● **WORK ORDER**
Only the lines below from the one containing "Christmas White Tulle" through the one containing "McLaren 720 S" belong in the answer, set down exactly, with the pictures left out.

● **TASK MATERIAL**

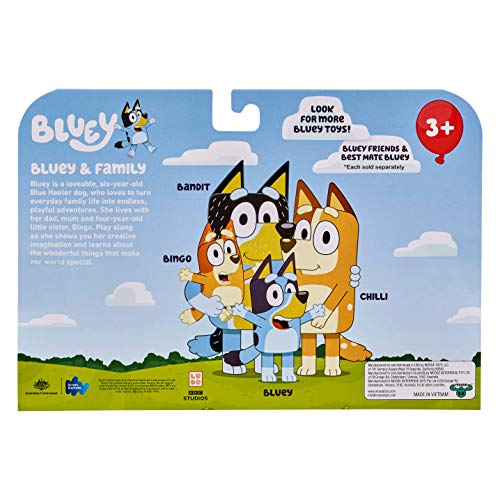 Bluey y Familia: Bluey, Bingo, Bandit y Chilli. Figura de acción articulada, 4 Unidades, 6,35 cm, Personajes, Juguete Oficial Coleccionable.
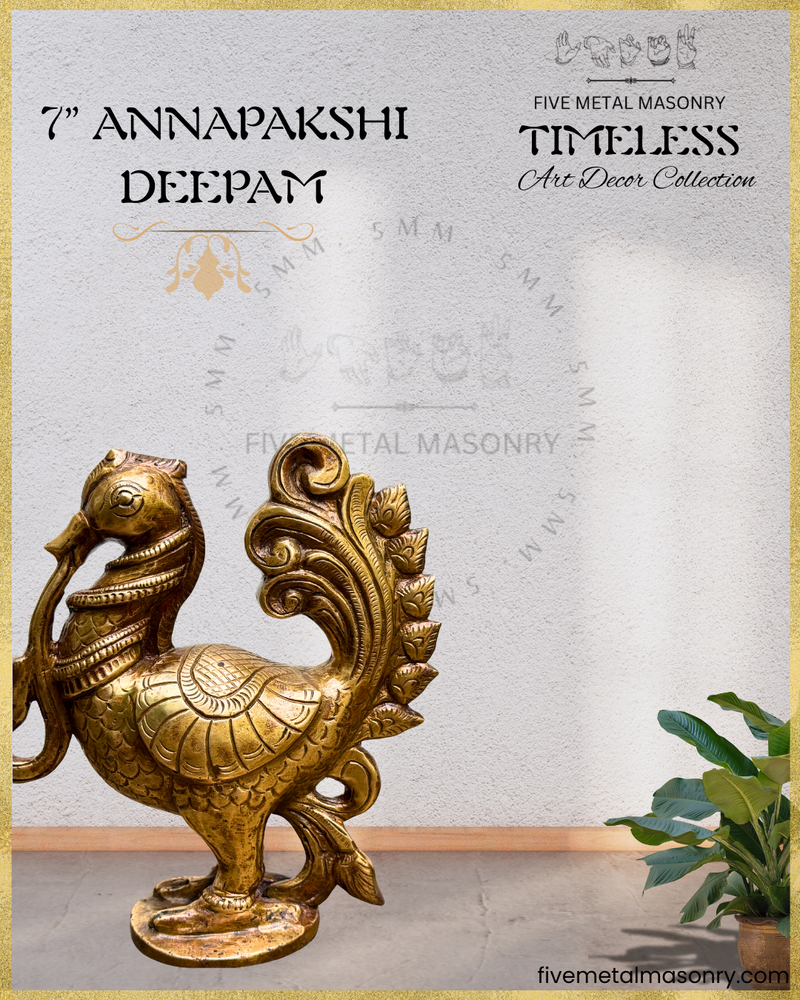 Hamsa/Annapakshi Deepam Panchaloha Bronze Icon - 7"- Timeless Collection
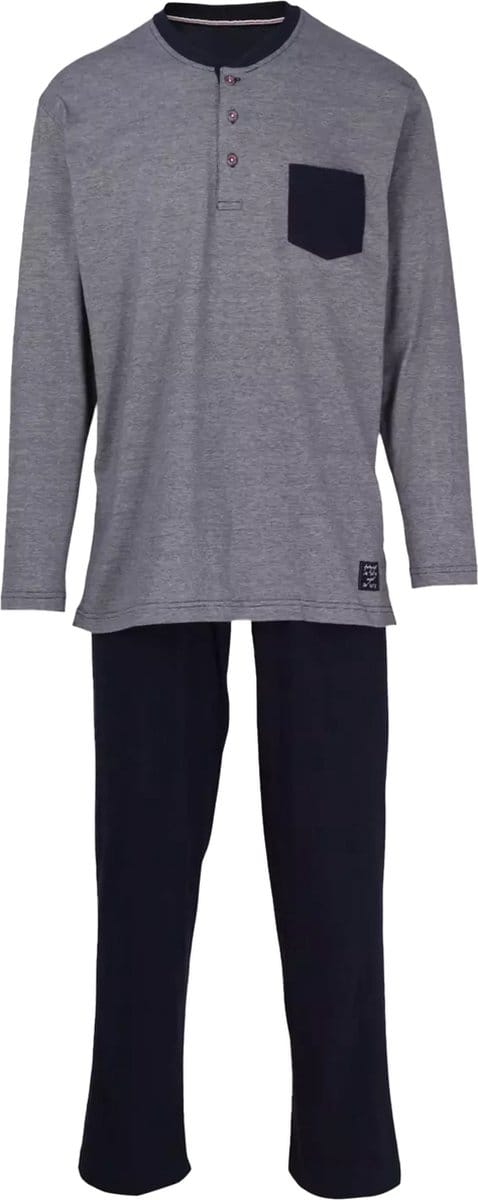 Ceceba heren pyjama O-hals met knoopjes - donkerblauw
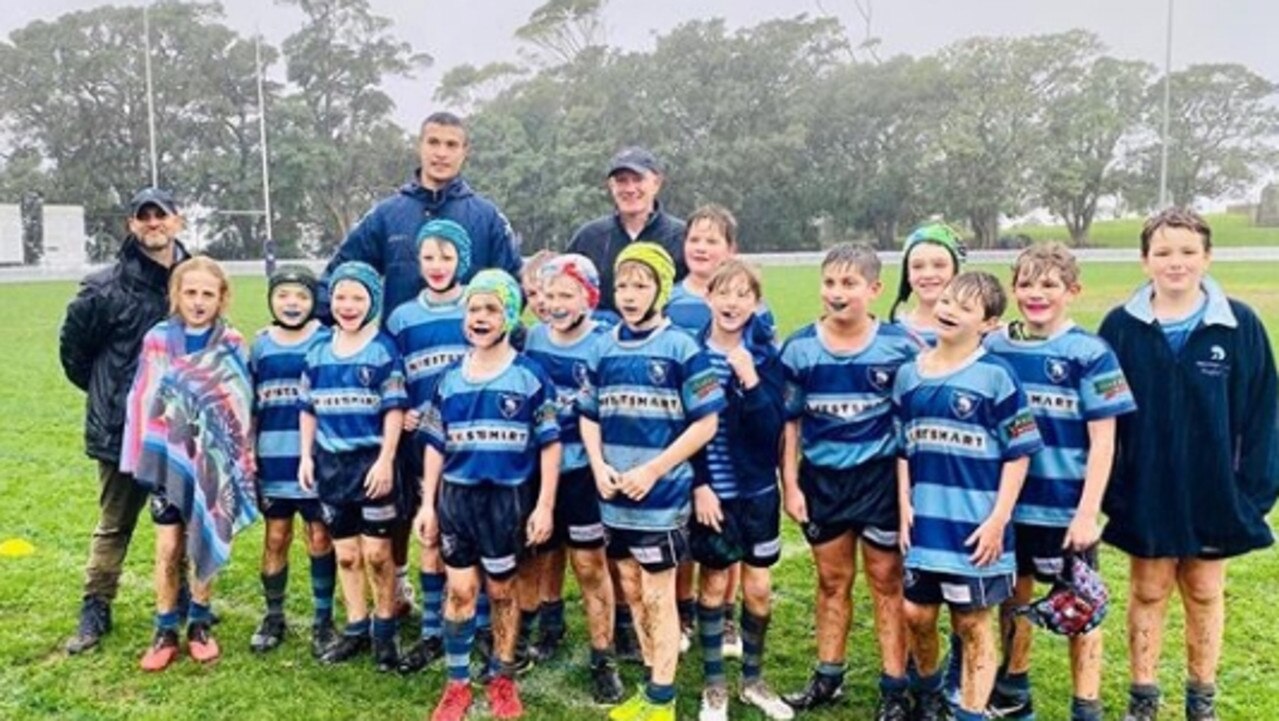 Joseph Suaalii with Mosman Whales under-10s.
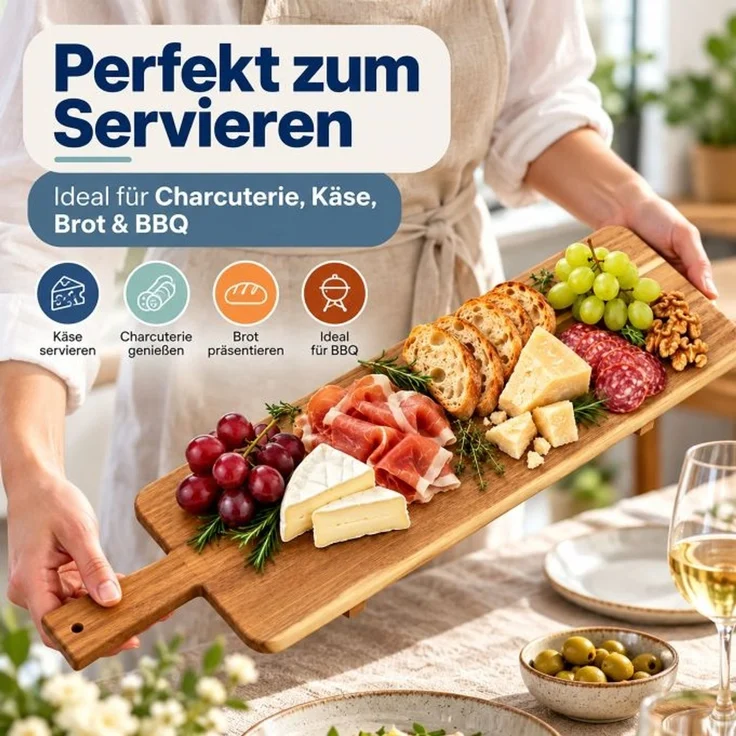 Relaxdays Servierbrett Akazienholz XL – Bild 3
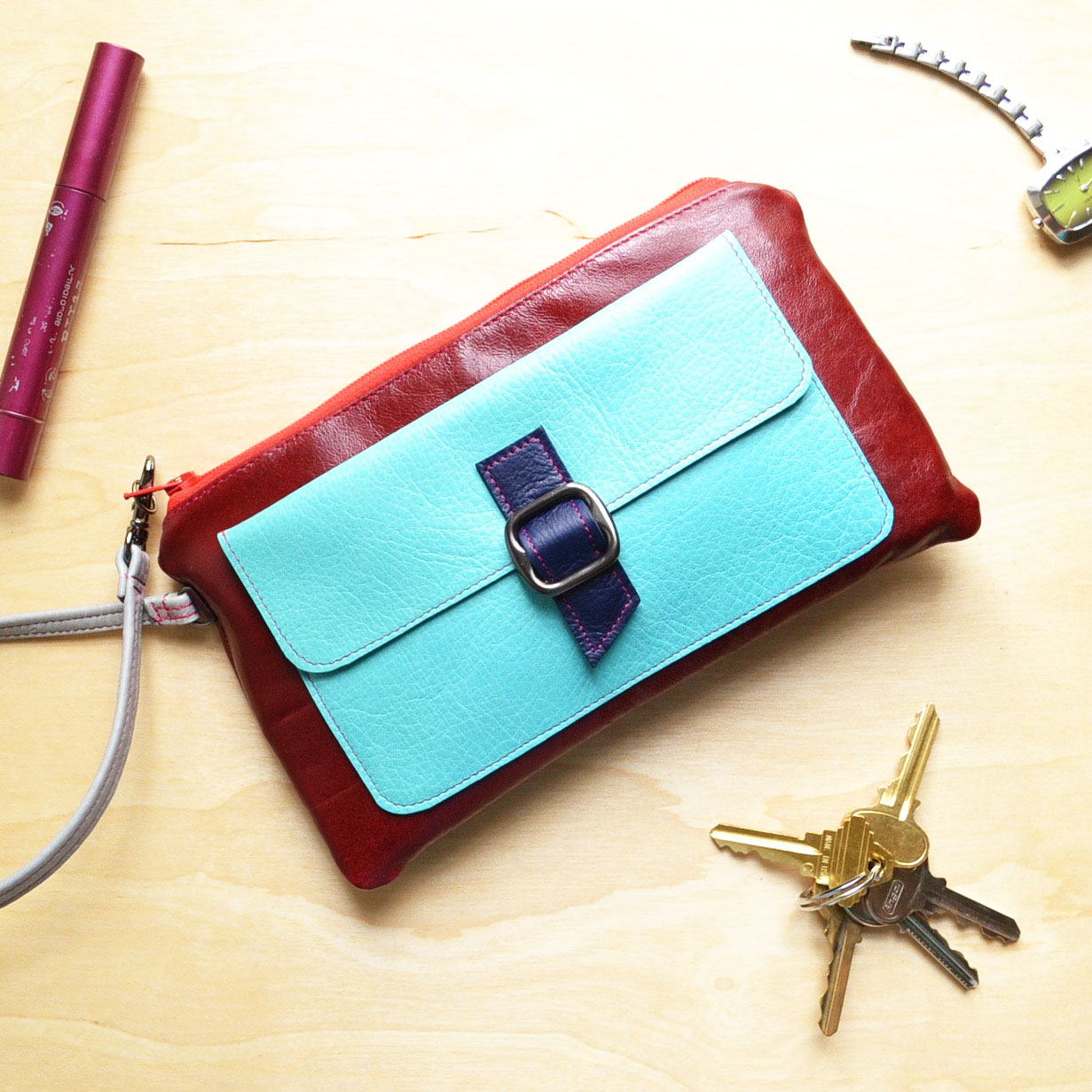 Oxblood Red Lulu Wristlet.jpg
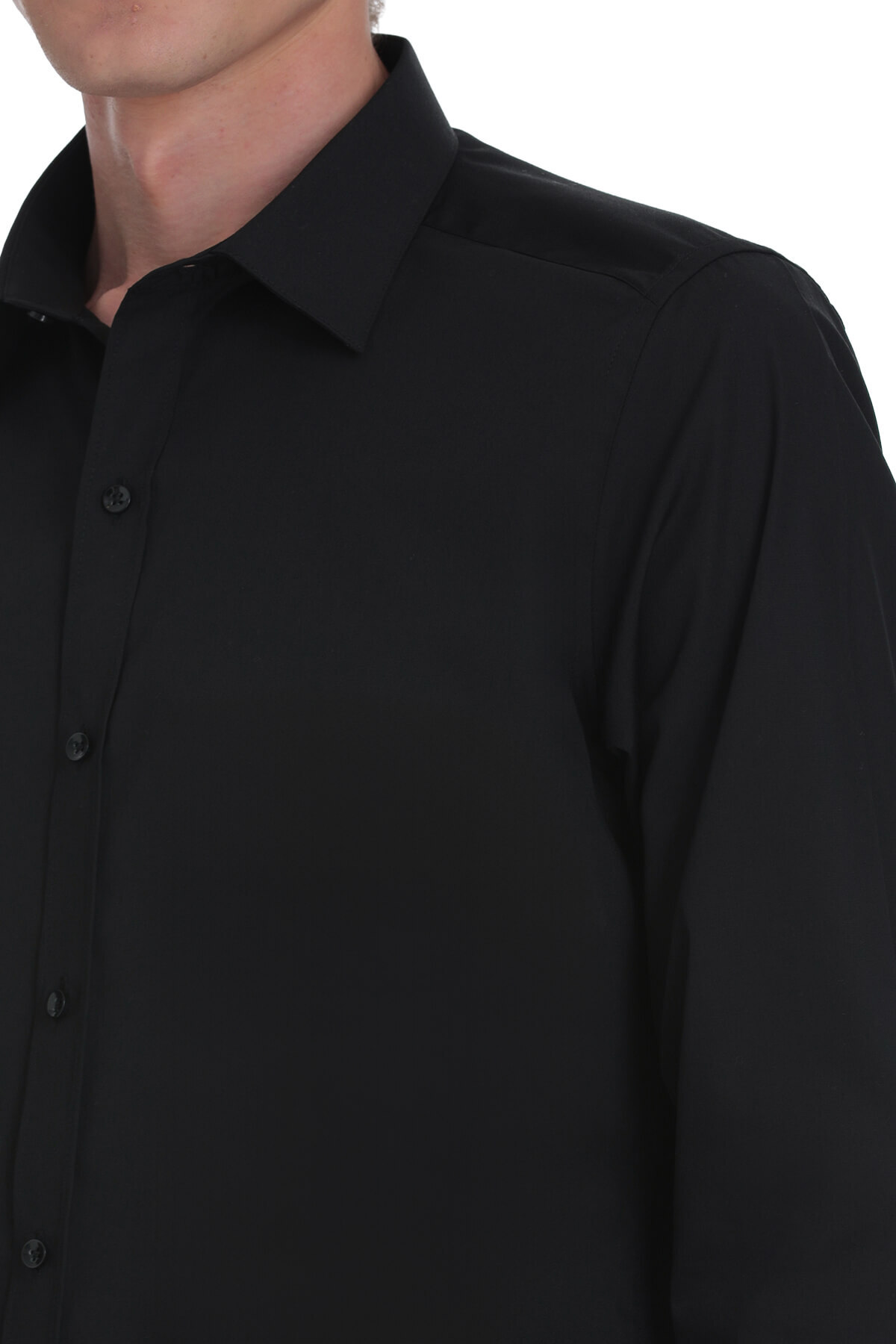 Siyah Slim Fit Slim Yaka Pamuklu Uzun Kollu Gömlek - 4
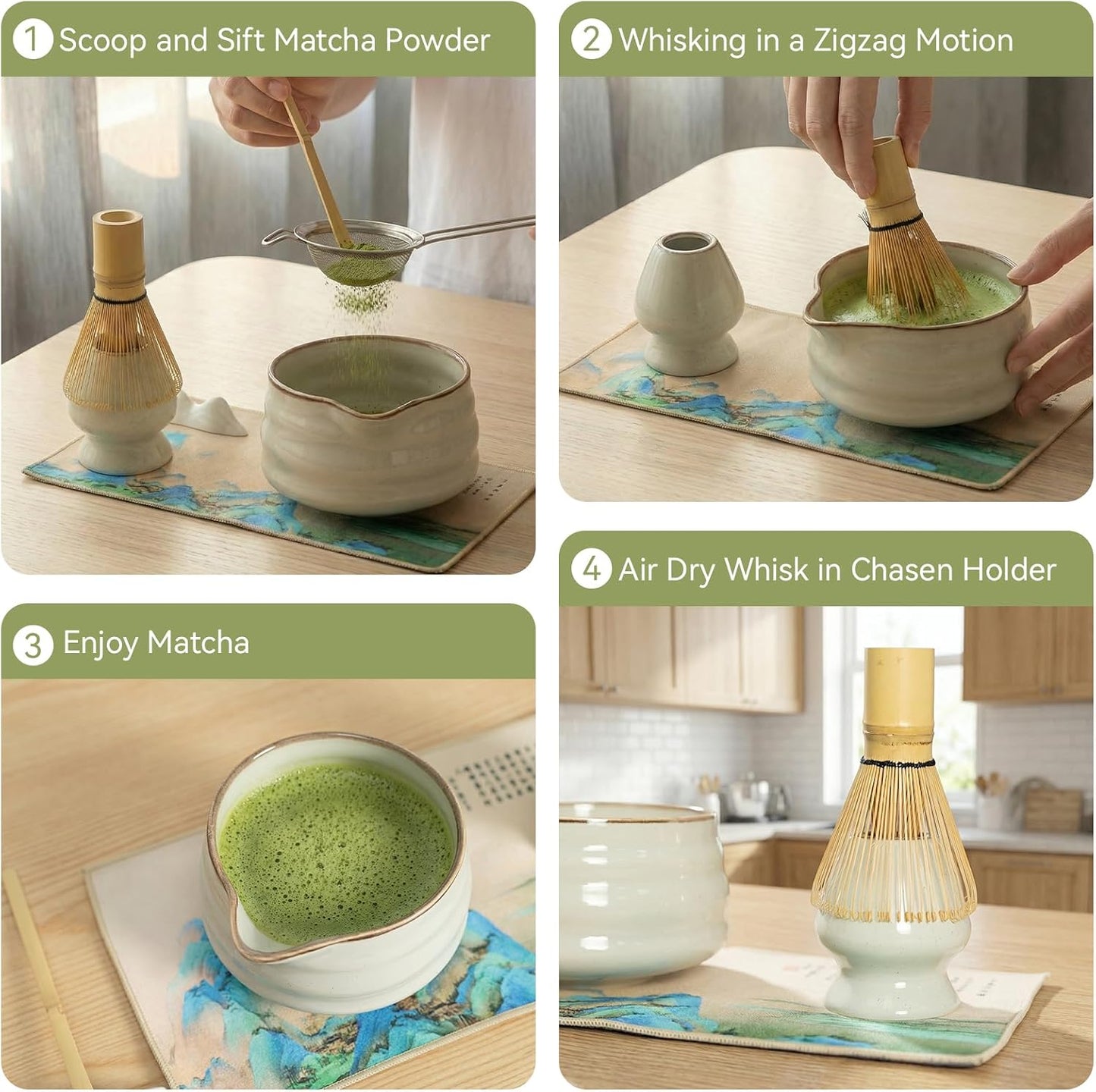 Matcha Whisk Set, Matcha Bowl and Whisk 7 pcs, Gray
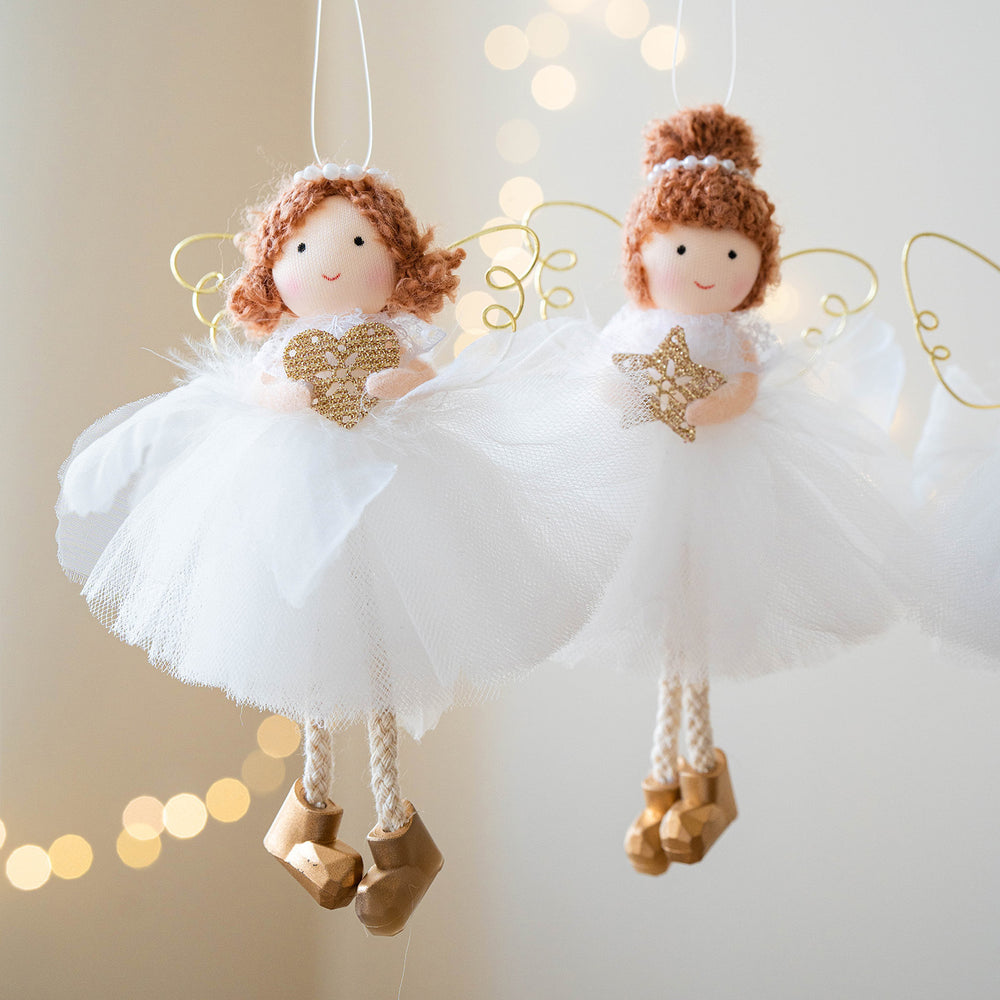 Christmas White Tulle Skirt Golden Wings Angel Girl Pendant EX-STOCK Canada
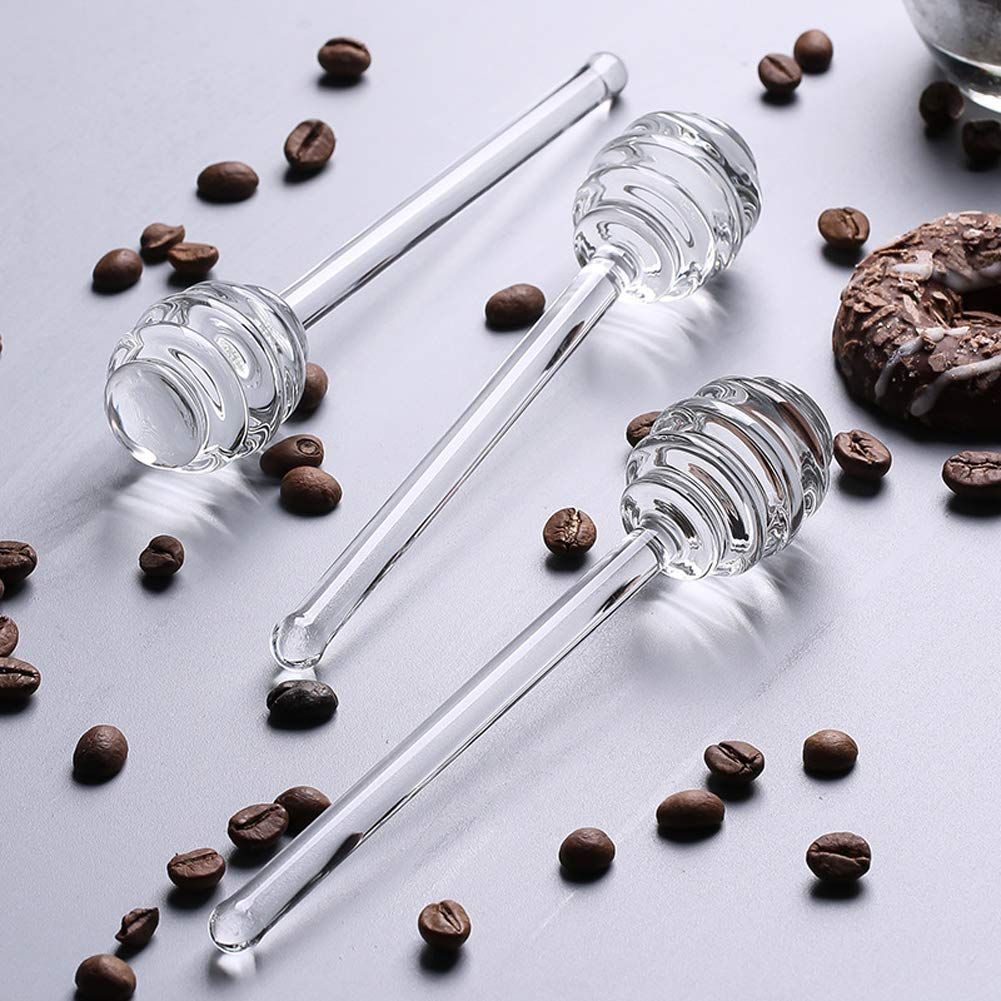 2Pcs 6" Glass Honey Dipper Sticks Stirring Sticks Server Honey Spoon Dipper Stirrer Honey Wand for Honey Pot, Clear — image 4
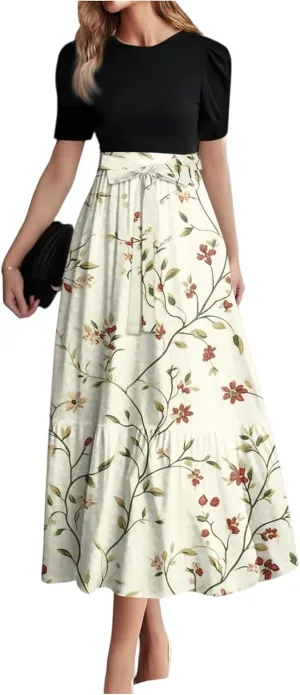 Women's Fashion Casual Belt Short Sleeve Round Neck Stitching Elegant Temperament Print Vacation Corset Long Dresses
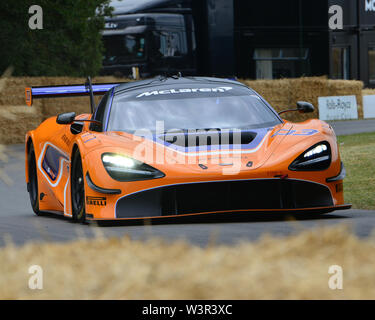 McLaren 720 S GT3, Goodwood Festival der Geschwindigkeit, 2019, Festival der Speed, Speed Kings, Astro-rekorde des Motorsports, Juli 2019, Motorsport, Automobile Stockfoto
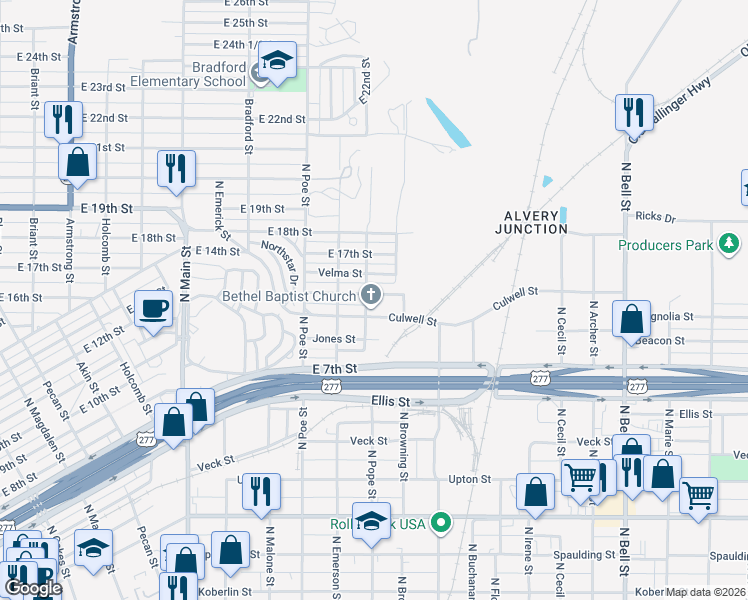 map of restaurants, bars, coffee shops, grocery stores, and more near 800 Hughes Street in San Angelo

● **SOLVED EXERCISE**
 Christmas White Tulle Skirt Golden Wings Angel Girl Pendant EX-STOCK Canada
 2Pcs 6" Glass Honey Dipper Sticks Stirring Sticks Server Honey Spoon Dipper Stirrer Honey Wand for Honey Pot, Clear — image 4
 Women's Fashion Casual Belt Short Sleeve Round Neck Stitching Elegant Temperament Print Vacation Corset Long Dresses
 McLaren 720 S GT3, Goodwood Festival der Geschwindigkeit, 2019, Festival der Speed, Speed Kings, Astro-rekorde des Motorsports, Juli 2019, Motorsport, Automobile Stockfoto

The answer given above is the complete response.